The Discovery of Infinity

by strannikov

            The discovery of infinity must always occur on the day following, the next day, that is, or even the one after: it is never an option on the very day its apprehension is entertained.


            The discovery of infinity follows some sudden intrusion, like a stumble or a lurch across an untidy threshold: never is it the result of an intentional or systematic search, infinity is far too clever for that to occur. “The discovery of infinity” thus is nothing at all like “the discovery of America”: any “discovery of infinity” is a discovery made by infinity, it is an action performed by infinity (America, by contrast, performs no actions and discovers nothing—America itself was discovered).
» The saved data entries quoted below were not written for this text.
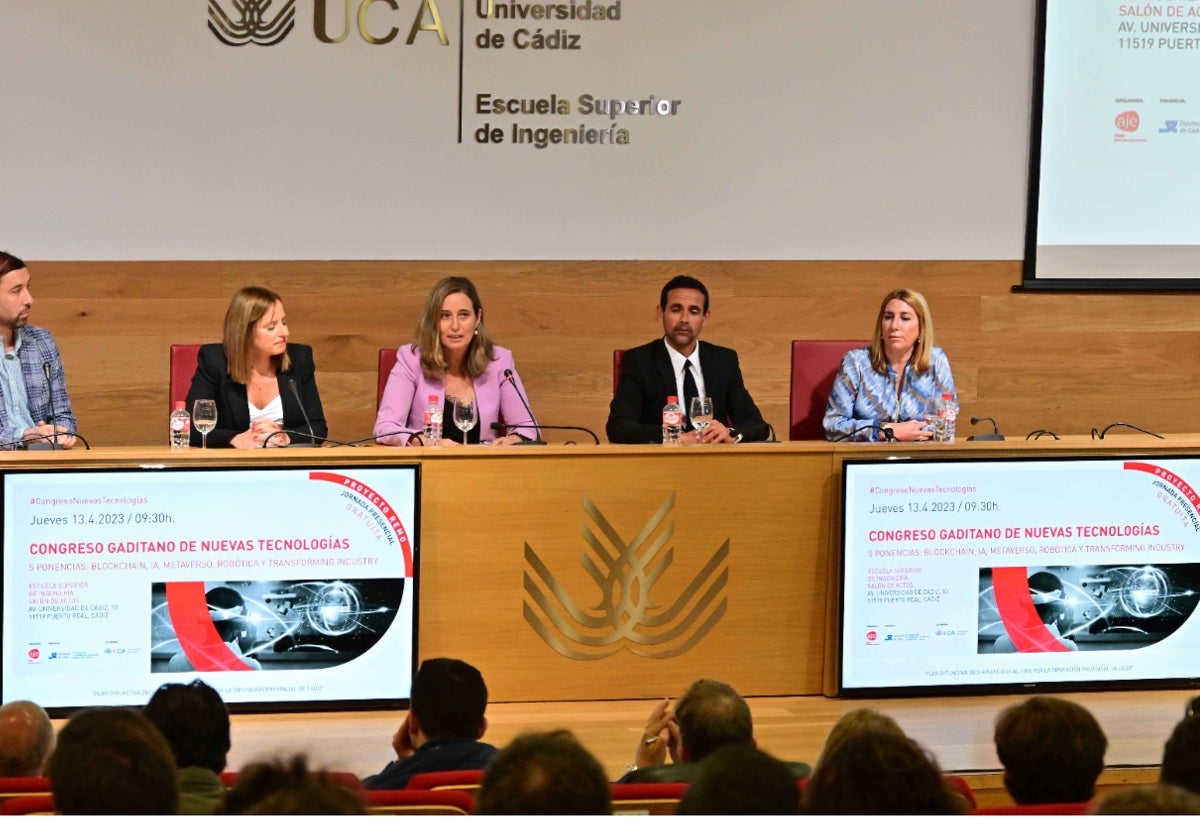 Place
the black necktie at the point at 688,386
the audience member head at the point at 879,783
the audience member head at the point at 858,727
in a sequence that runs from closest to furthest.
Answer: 1. the audience member head at the point at 879,783
2. the audience member head at the point at 858,727
3. the black necktie at the point at 688,386

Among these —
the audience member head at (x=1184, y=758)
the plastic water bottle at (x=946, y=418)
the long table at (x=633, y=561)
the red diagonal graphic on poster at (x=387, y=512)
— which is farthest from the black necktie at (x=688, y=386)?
the audience member head at (x=1184, y=758)

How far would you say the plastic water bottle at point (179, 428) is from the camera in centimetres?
446

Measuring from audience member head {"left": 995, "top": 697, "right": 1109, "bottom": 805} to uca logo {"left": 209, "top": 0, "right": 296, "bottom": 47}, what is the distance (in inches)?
192

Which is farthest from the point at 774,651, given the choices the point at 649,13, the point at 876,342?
the point at 649,13

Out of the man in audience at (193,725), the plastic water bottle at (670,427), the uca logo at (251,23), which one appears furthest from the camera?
the uca logo at (251,23)

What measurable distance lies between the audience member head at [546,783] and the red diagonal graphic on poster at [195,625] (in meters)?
2.29

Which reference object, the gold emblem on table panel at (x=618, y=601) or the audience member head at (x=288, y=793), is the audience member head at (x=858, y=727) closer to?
the audience member head at (x=288, y=793)

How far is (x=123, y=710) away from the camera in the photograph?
2.21 metres

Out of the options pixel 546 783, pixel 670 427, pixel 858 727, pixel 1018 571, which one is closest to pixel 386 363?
pixel 670 427

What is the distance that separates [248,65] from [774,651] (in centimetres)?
360

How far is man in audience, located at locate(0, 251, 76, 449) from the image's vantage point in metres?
5.05

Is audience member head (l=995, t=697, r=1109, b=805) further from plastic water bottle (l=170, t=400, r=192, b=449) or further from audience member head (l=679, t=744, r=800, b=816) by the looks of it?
plastic water bottle (l=170, t=400, r=192, b=449)

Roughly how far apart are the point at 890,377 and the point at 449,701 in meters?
2.81

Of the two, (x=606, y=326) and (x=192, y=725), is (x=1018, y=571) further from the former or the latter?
(x=606, y=326) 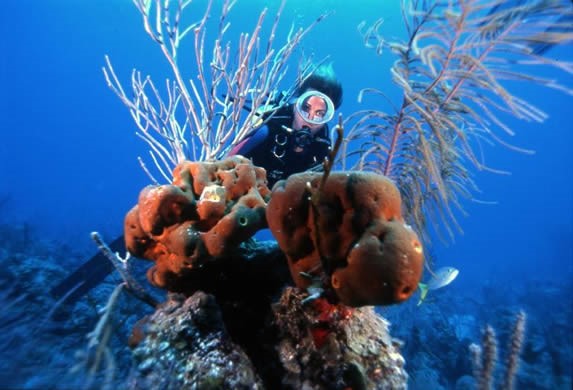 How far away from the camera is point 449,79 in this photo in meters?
3.29

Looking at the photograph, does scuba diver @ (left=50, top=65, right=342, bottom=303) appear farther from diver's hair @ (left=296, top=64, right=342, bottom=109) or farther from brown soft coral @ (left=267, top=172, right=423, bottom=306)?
brown soft coral @ (left=267, top=172, right=423, bottom=306)

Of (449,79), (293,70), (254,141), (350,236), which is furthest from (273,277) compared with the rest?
(293,70)

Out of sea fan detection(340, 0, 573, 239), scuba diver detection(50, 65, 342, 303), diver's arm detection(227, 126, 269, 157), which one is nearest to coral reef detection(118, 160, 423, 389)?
sea fan detection(340, 0, 573, 239)

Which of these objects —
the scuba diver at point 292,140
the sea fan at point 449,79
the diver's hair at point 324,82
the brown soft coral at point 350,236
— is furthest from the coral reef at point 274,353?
the diver's hair at point 324,82

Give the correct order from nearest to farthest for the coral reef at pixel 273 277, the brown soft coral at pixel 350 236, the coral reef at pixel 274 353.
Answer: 1. the brown soft coral at pixel 350 236
2. the coral reef at pixel 273 277
3. the coral reef at pixel 274 353

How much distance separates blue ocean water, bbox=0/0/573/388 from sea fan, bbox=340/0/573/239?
18.9 ft

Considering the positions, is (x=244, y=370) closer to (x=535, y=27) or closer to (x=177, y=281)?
(x=177, y=281)

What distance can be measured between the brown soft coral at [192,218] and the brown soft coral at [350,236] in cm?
39

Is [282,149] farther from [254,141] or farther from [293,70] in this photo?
[293,70]

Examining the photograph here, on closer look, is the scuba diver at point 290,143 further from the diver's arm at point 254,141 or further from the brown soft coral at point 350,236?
the brown soft coral at point 350,236

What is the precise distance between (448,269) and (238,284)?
133 inches

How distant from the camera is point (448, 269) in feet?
15.2

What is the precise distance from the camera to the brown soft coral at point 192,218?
2.26m

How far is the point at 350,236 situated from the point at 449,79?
245 cm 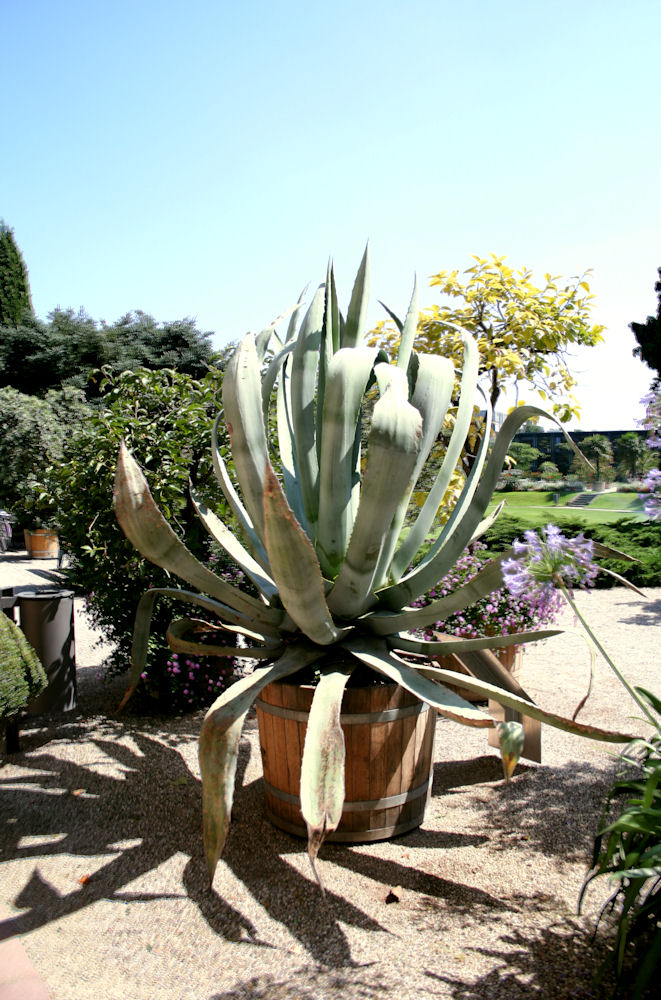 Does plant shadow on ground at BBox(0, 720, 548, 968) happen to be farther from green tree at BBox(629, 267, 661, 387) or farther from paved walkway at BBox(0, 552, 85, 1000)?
green tree at BBox(629, 267, 661, 387)

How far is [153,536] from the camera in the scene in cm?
265

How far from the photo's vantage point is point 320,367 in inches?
123

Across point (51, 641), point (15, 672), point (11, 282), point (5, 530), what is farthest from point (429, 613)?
point (11, 282)

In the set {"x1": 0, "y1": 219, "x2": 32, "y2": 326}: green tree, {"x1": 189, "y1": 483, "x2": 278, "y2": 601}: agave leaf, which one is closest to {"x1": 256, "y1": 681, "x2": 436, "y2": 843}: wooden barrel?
{"x1": 189, "y1": 483, "x2": 278, "y2": 601}: agave leaf

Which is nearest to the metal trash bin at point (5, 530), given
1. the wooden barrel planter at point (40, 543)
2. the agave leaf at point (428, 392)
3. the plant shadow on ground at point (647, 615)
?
the wooden barrel planter at point (40, 543)

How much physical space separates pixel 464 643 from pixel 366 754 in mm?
597

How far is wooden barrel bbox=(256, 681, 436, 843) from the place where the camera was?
2.82 meters

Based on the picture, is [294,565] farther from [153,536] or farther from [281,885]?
[281,885]

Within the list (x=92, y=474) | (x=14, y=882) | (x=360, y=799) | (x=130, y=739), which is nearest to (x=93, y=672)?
(x=130, y=739)

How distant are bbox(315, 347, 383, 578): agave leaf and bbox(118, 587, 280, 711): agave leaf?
18.6 inches

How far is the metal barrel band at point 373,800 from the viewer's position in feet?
9.44

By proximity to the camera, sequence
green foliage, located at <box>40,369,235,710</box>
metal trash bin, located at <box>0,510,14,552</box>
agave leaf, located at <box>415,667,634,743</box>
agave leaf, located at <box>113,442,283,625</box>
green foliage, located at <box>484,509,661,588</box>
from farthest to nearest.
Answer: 1. metal trash bin, located at <box>0,510,14,552</box>
2. green foliage, located at <box>484,509,661,588</box>
3. green foliage, located at <box>40,369,235,710</box>
4. agave leaf, located at <box>113,442,283,625</box>
5. agave leaf, located at <box>415,667,634,743</box>

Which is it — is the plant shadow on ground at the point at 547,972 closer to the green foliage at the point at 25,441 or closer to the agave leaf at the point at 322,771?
the agave leaf at the point at 322,771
By convention, Columbus discovered America: but infinity still has not discovered America. Had infinity discovered America by now, its borders would be limitless, but alas . . .


            Having not discovered America to date, infinity will never discover America today, though perhaps possibly maybe some day later, or the next day following, or some day subsequent to that. This cannot be helped, sequence being the orderly phenomenon it is praised for being: if consolation is to be found, then we might comfort ourselves with the reminder that even Columbus had his day, without ever being discovered by America. We can deem this an unambiguous sign of progress, as now we see plainly that America's discovery by infinity is postponed indefinitely, or at least until some other day: until that day, or the day after, or the next available day succeeding, America's bounds will stretch only from shining sea to shining sea, as convention, cartography, and oceanography allow.


            Some wonder whether infinity takes its measurements of a subject like America before the fact: but this is an interrogative error of the first magnitude, because infinity sizes up the subjects it accosts all at once, all at the same time, but—not until at least a day or two afterwards. (Must we remind ourselves that America's day has not yet passed?)


            Infinity thus eternally entails procrastination, since its actions transpire only afterwards, well after it's too late to avoid the discovery or collision. No one rushes infinity: you disbelieve? You'll have nothing to show for your efforts ahead of time!


            Infinity occurs as an afterthought, for discoverers like Columbus as for countries like America. Now, Columbus has since been discovered by infinity—well after the fact of his discovery of America, if we may belabor the point. Whenever infinity gets around to discovering America, it will no longer be the land found by Columbus. (Here, some would interject that infinity is not obliged to discover America, an interjection that merits reflection today and perhaps for the next few days.) Thus, well-toured travelers can confess that boundless discoveries of infinity may well yet occur—but not, of course, until later, the next day or the day following, or even some day afterwards. (Whether this serves as proof that infinity is the perfection of a Procrastination long since hallowed by practice remains to be seen. [Perhaps possibly maybe it can be said properly that infinity will at least one day hence constitute just such a proof, but of course, later, the next day following, or some day after that.])


            All such urgent matters warrant postponement of consideration until further notice! (Nota bene: someone remind the author to put off taking up this matter again until . . . well, at least until soon, that is.)